Documentary film is a powerful medium for storytelling, but far too often the stories told about trans individuals and trans experience rely on narratives of life-long confusion, binaristic gender transition processes, and the overcoming of trauma. These experiences are not to be discounted, but their dominance belies a hunger amongst trans audiences to see diverse experiences and controversial internal divisions tackled in the documentary form. Central to this problem is the question of audience. Documentary efforts produced for wide cinematic release or televisionary distribution are produced, by default, for cisgender audiences. Similarly, the lack of means and notoriety provided to transgender filmmakers means that most trans docs are made by cisgender individuals.

Trans exclusion from the LGBT discourse, the growth of genderqueer identities, trans erotics, and racial politics are often left aside in favor of oversimplification and didactic sensationalism in typical trans media.The fissures that exist in conceptions of transness and the day-to-day struggles of living trans life offer much more fruitful insights than discussions of sexual reassignment surgery and lifelong certainty. But they aren’t as exciting or appealing to cisgender viewers.

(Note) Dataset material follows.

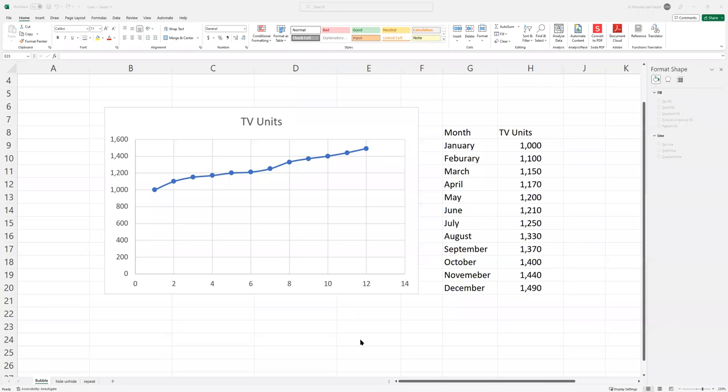Hello, guys. In this video, we're going to show you how to show the month names in one of the axes, like the X-axis, for example, in an Excel chart.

My paper is about celebrating a very different sort of trans documentary. I’m specifically interested in films that eschew full-length biography or drawn out stories of transition in favor of films that offer interviews with diverse trans individuals about their experiences of, and their thoughts on, trans identity. These films are certainly educational, but they actively work against the mainstream project of educating cis audiences. Instead, they capture unfiltered expositions from trans interview subjects. These films don’t seek to answer questions about trans identity and make them digestible and coherent for outsiders. Instead they offer a multiplicity of answers and stories that complicate trans identity further. These films show members of the trans community that they aren’t alone in feeling inadequately represented by the bulk of trans depictions.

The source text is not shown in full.